== What to work on ==
Nothing outside the range is to be copied. From the entries below, reproduce exactly the lines starting at the one with "Czech Beads - 5x6mm" and ending at the one with "Campus Cotton Off-The-Shoulder Tee", without pictures.

------ Data supplied ------

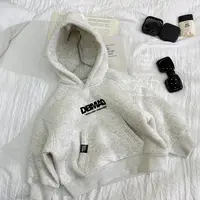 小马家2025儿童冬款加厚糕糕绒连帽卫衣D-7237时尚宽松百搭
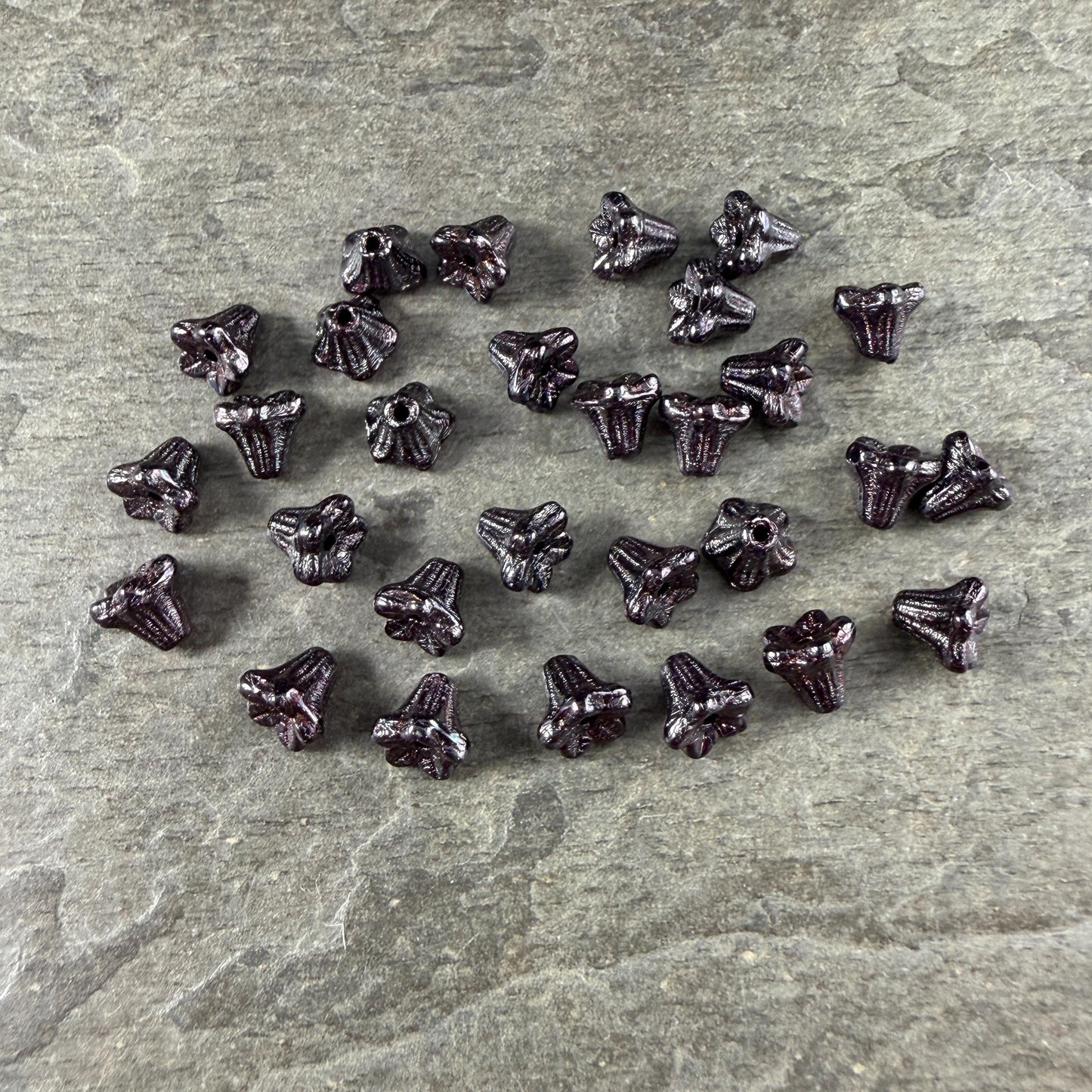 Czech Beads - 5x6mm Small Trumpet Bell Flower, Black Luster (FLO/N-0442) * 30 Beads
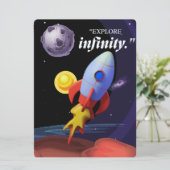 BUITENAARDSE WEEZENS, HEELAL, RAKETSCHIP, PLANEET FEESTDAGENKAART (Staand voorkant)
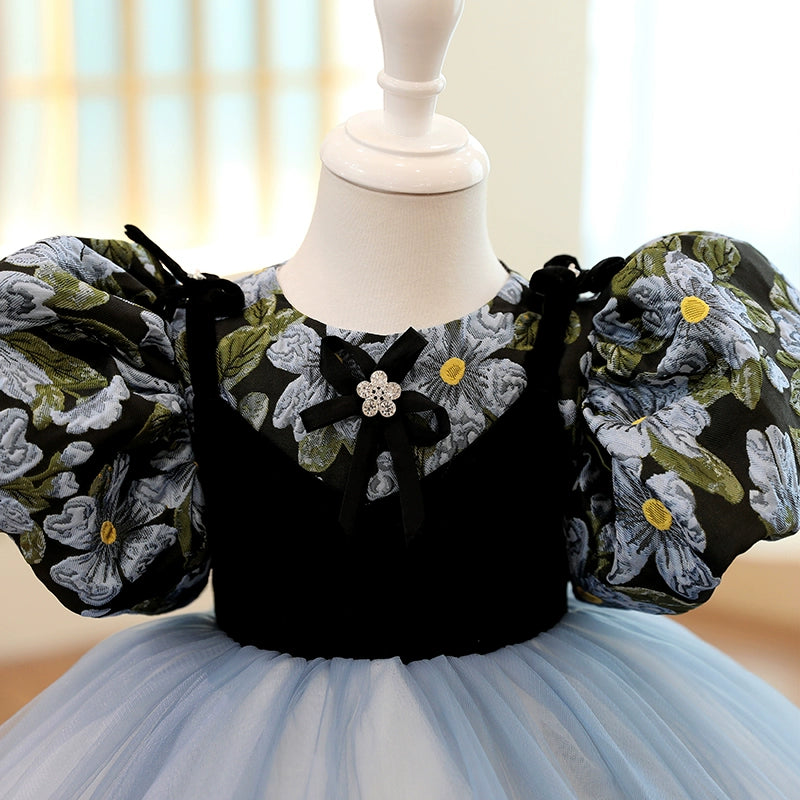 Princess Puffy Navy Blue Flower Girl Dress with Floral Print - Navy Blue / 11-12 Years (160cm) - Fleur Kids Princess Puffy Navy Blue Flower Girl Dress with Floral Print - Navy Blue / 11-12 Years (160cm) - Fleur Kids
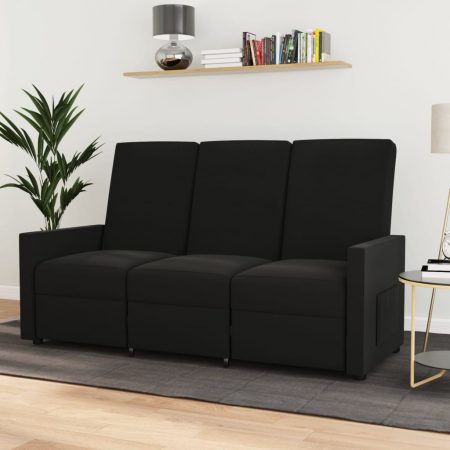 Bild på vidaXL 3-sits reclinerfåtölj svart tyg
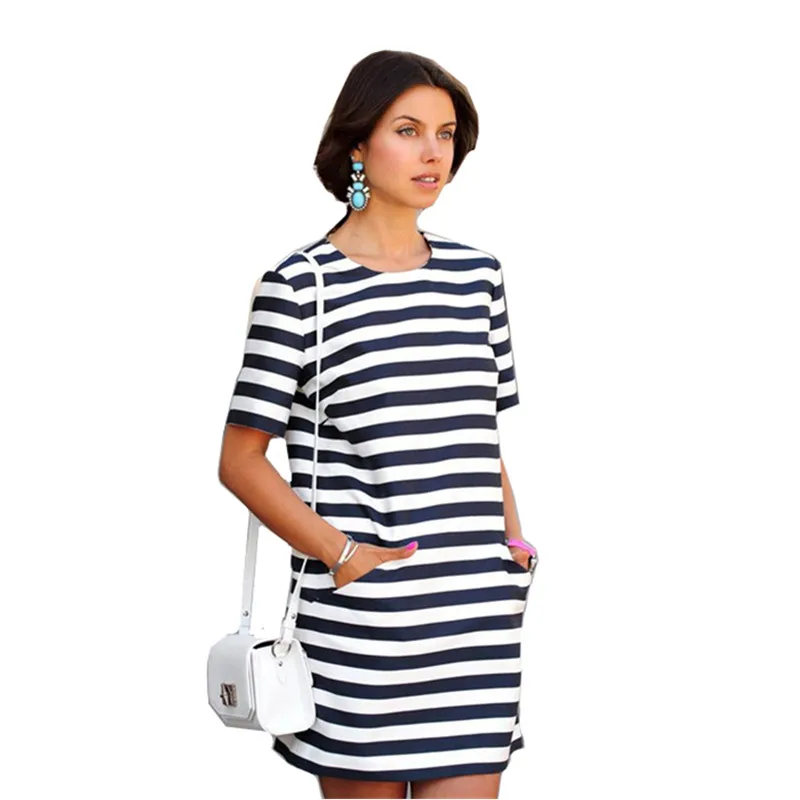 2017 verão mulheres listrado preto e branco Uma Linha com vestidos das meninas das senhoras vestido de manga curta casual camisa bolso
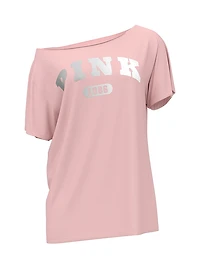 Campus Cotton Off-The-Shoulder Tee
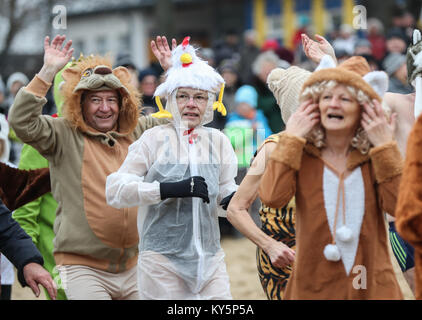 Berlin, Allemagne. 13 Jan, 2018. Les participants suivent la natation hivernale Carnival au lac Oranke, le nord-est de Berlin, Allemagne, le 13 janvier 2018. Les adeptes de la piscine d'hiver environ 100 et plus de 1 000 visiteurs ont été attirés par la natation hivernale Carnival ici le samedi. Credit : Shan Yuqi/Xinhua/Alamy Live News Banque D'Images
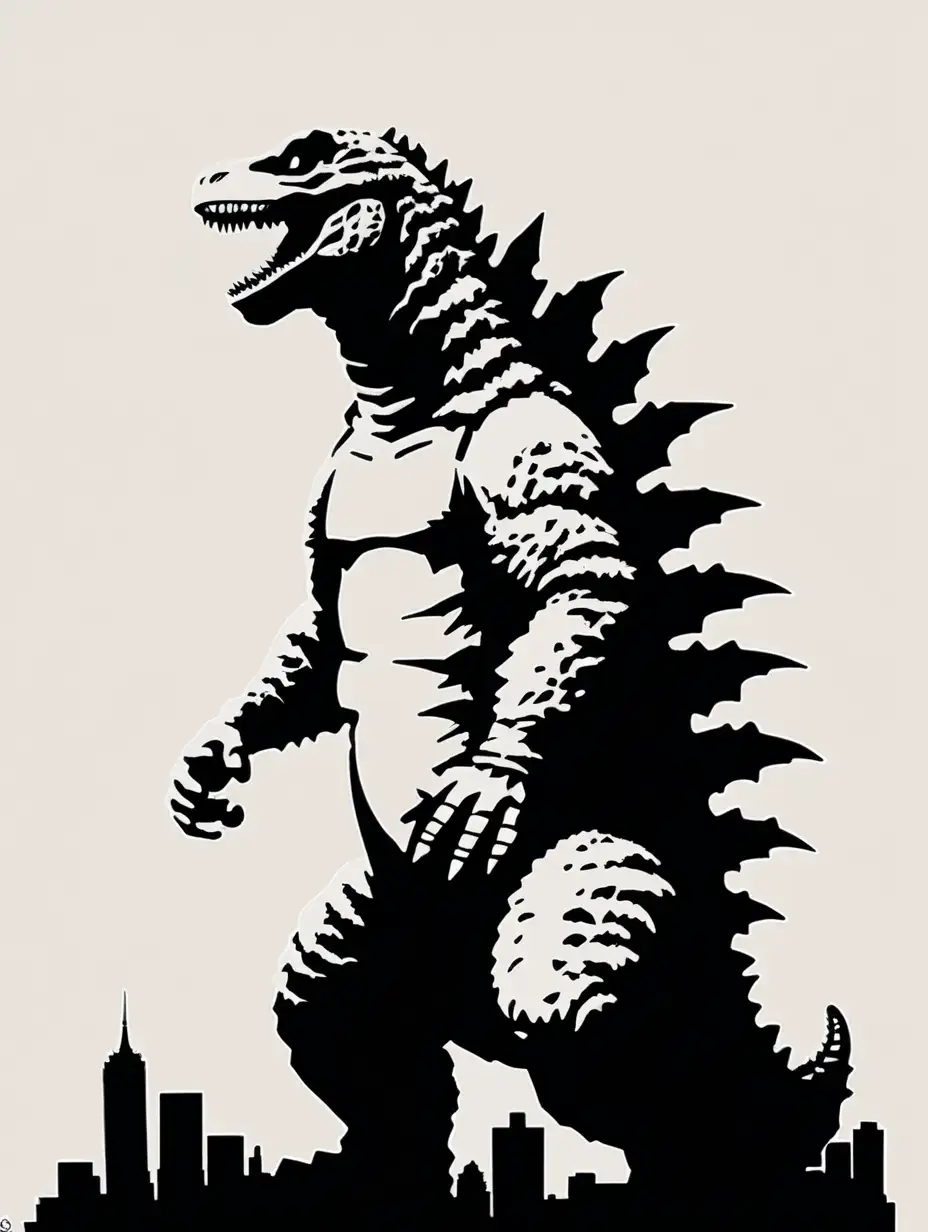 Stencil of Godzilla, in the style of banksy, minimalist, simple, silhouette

------
------ Data supplied ------

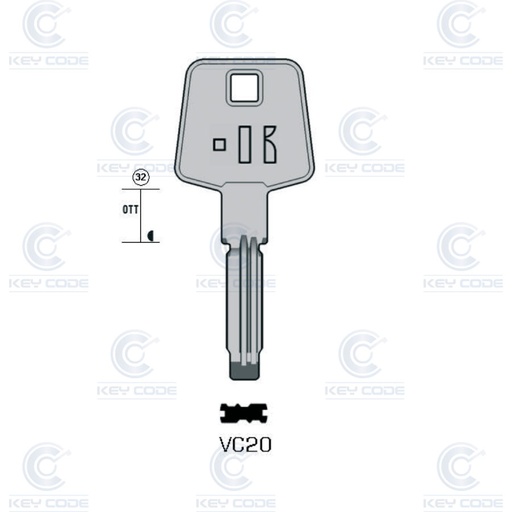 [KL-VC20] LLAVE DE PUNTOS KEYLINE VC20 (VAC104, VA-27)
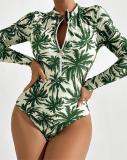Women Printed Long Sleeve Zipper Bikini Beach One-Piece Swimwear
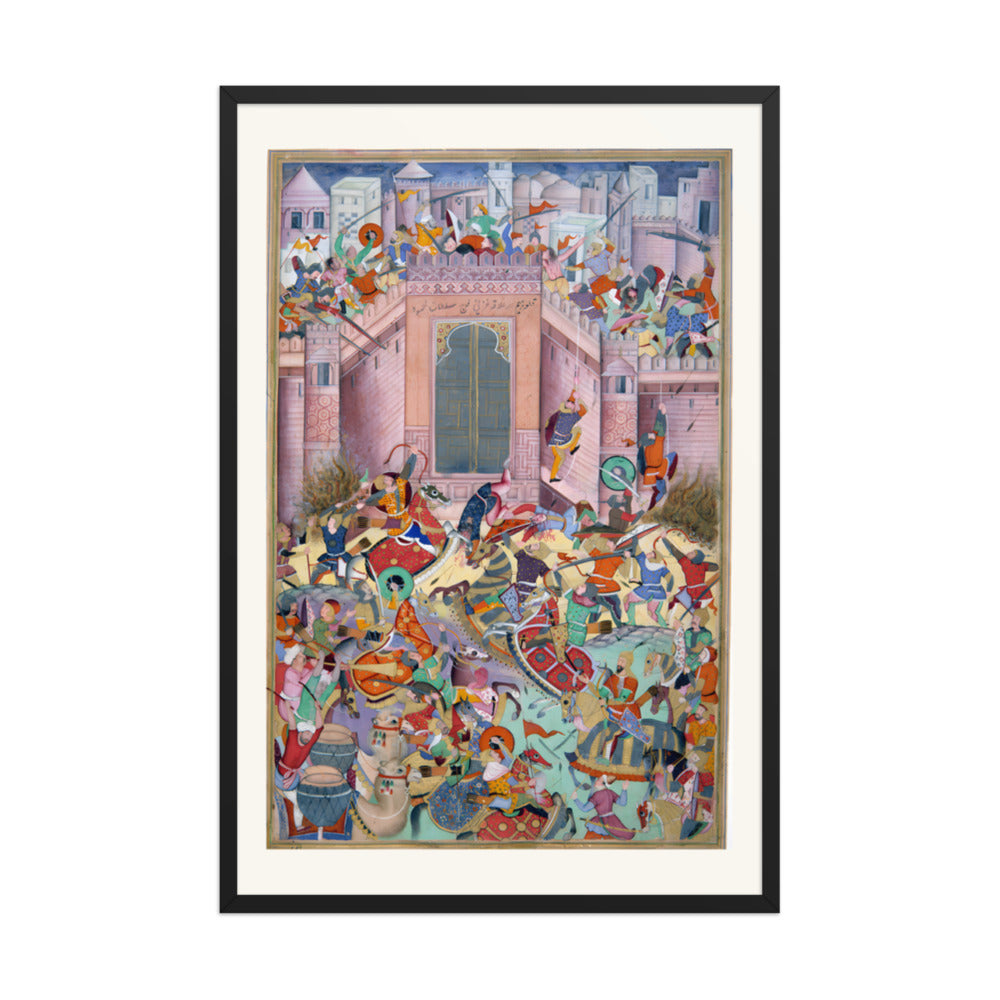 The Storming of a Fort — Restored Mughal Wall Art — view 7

------

== Expected answer ==
 Czech Beads - 5x6mm Small Trumpet Bell Flower, Black Luster (FLO/N-0442) * 30 Beads
 BUITENAARDSE WEEZENS, HEELAL, RAKETSCHIP, PLANEET FEESTDAGENKAART (Staand voorkant)
 Princess Puffy Navy Blue Flower Girl Dress with Floral Print - Navy Blue / 11-12 Years (160cm) - Fleur Kids Princess Puffy Navy Blue Flower Girl Dress with Floral Print - Navy Blue / 11-12 Years (160cm) - Fleur Kids
 Bild på vidaXL 3-sits reclinerfåtölj svart tyg
 2017 verão mulheres listrado preto e branco Uma Linha com vestidos das meninas das senhoras vestido de manga curta casual camisa bolso
 Campus Cotton Off-The-Shoulder Tee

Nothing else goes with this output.